4 Conclusions
China's strong economic growth, urbanisation, industrialisation and international integration in recent times have had a significant positive impact on the New Zealand economy. In the past three decades, China's economy has grown at an average of 10% per annum, which - along with urbanisation and industrialisation - has led to rising incomes and increased demand for soft and hard commodities. Despite consumption having a relatively low share of GDP, household disposable income and consumption expenditure have grown several-fold in real terms in the past twenty years, leading to increased demand for food imports.

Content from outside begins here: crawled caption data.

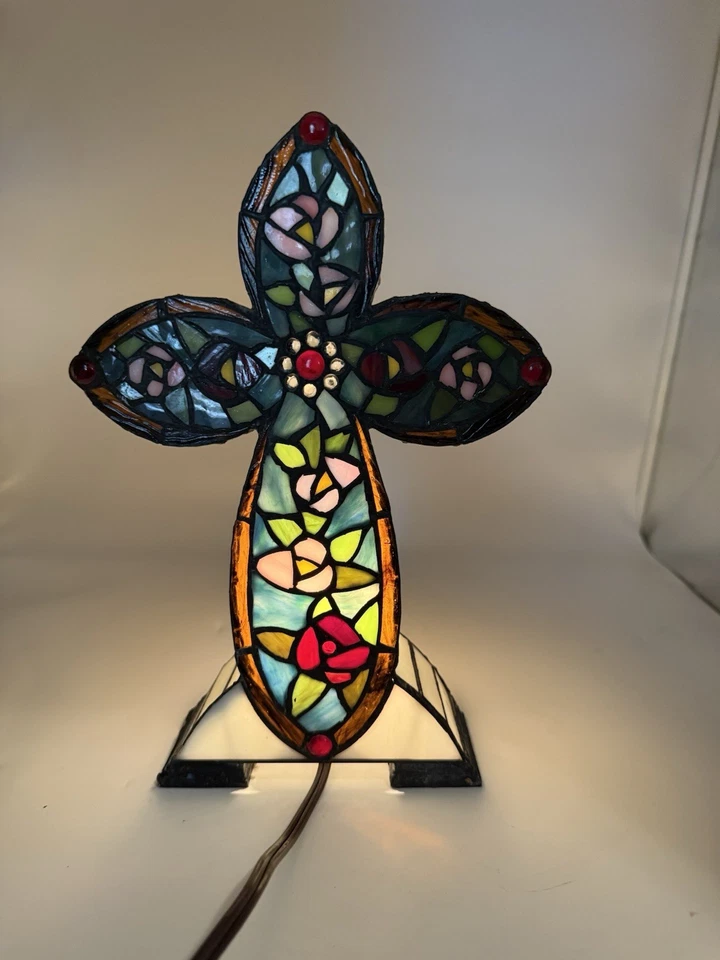 Dale Tiffany Real Stained Glass Cross Table Light Lamp Flowers Roses 12.5" Tall - Image 1 of 4
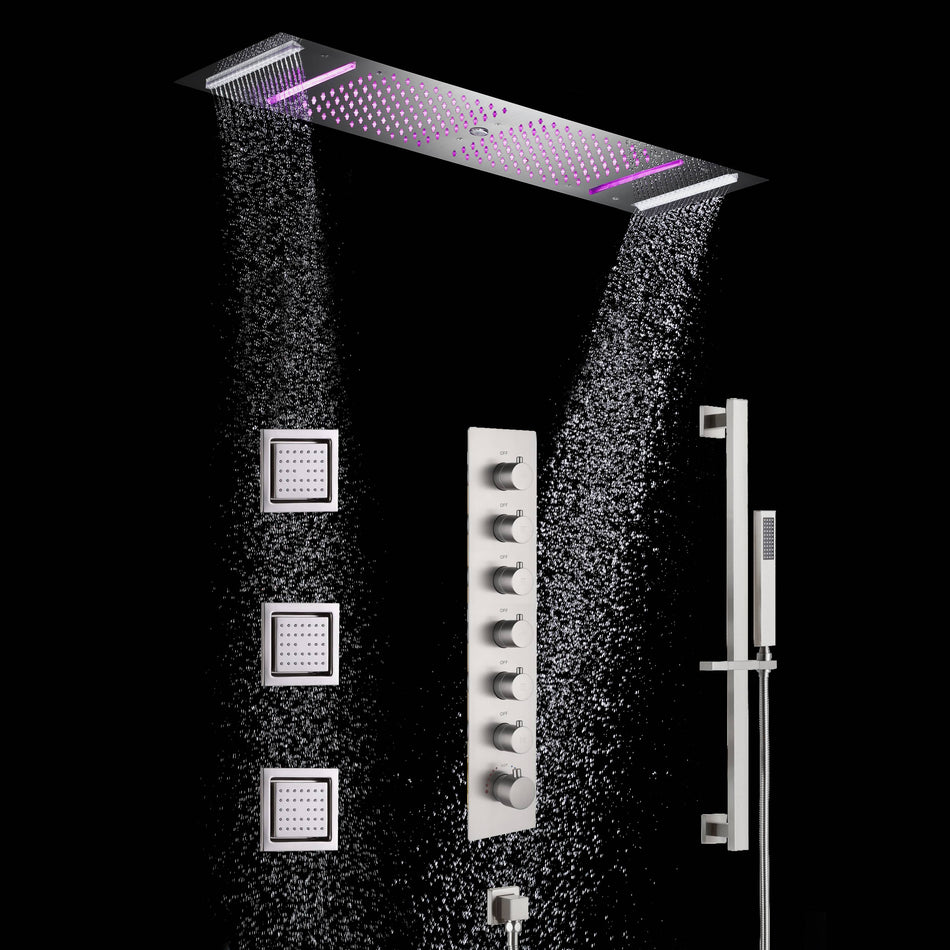 64 LED colors music led flushed in 36x12 inch 4 functions shower head 6 way thermostatic shower faucet with flush 4 inch body jets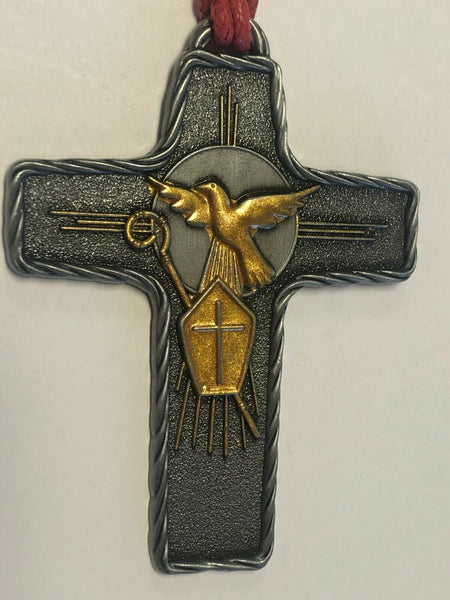 Confirmation Cross on Red Cord, New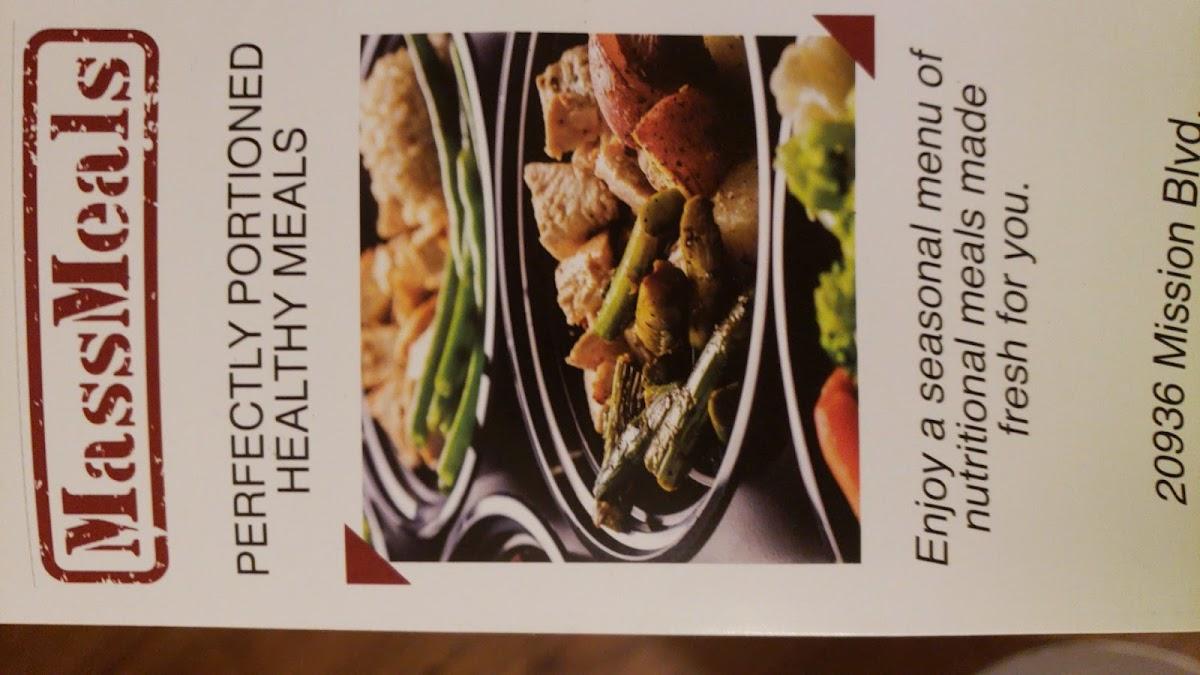 Menu at Mass Meals restaurant, Hayward
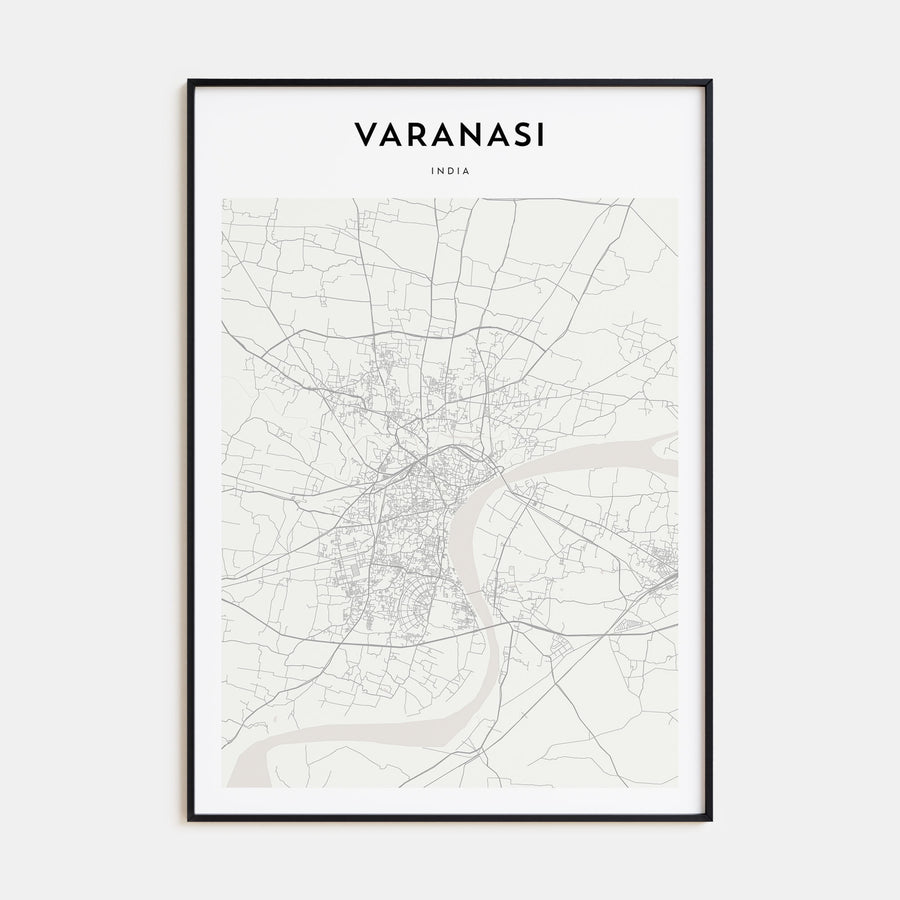 Varanasi Map Portrait Poster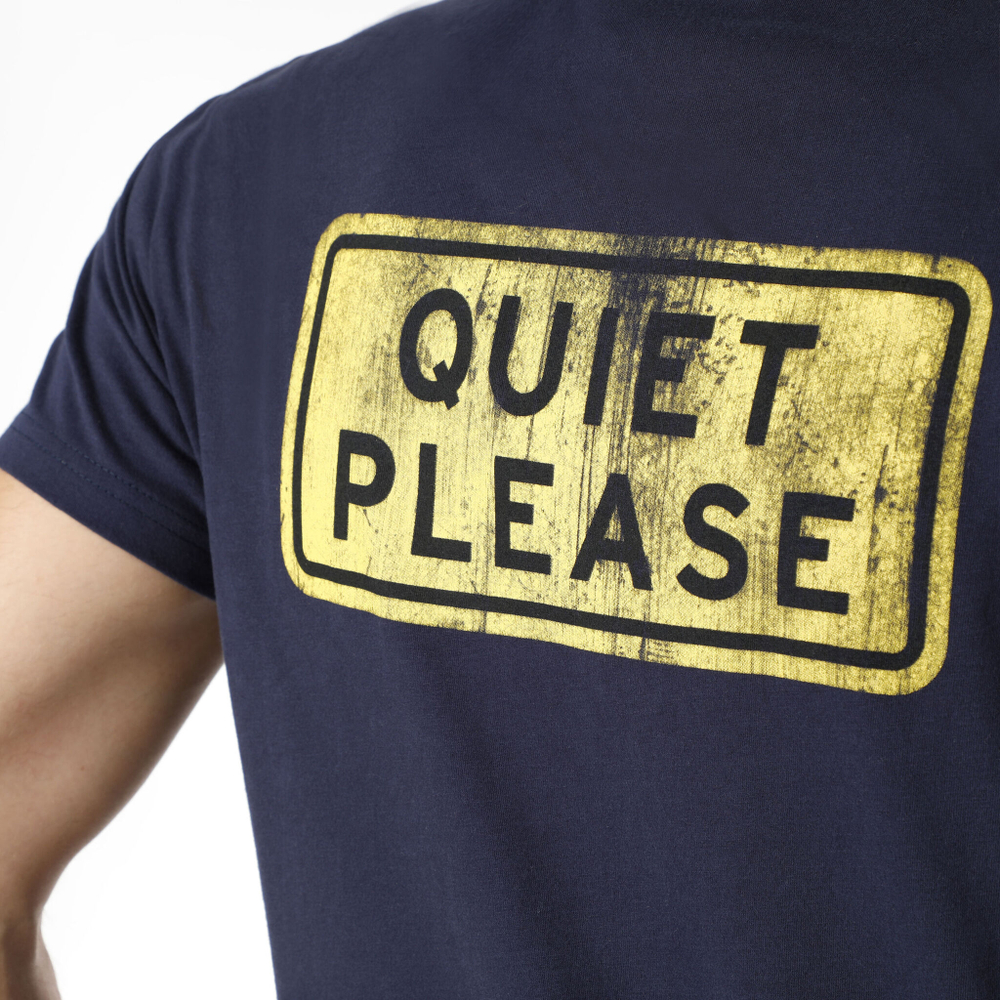 Мужское теннисное поло Quiet Please Australia Road Sign T-Shirt Men - Dark Blue, Yellow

New Zealand merchandise export volumes and prices have been the main channel of increased Chinese demand. New Zealand's merchandise export values to China have grown from 3.3% of total merchandise exports in 2000 to 15.4% in 2012, making China New Zealand's second largest export destination, after Australia. Dairy exports have led the way and are now New Zealand's largest export product to a single market.
Services exports to China, mainly education and tourism, have also expanded significantly, while competitive Chinese imported manufactured products, along with the high NZD, have helped keep tradables inflation and business capital costs low. New Zealand has also received indirect benefits from China's growth through its largest trading partner, Australia. These factors have boosted New Zealand incomes, and real GDI (real GDP adjusted for the terms of trade) has grown faster than real GDP over the past decade and gives a better indication of how New Zealand incomes have grown and living standards increased.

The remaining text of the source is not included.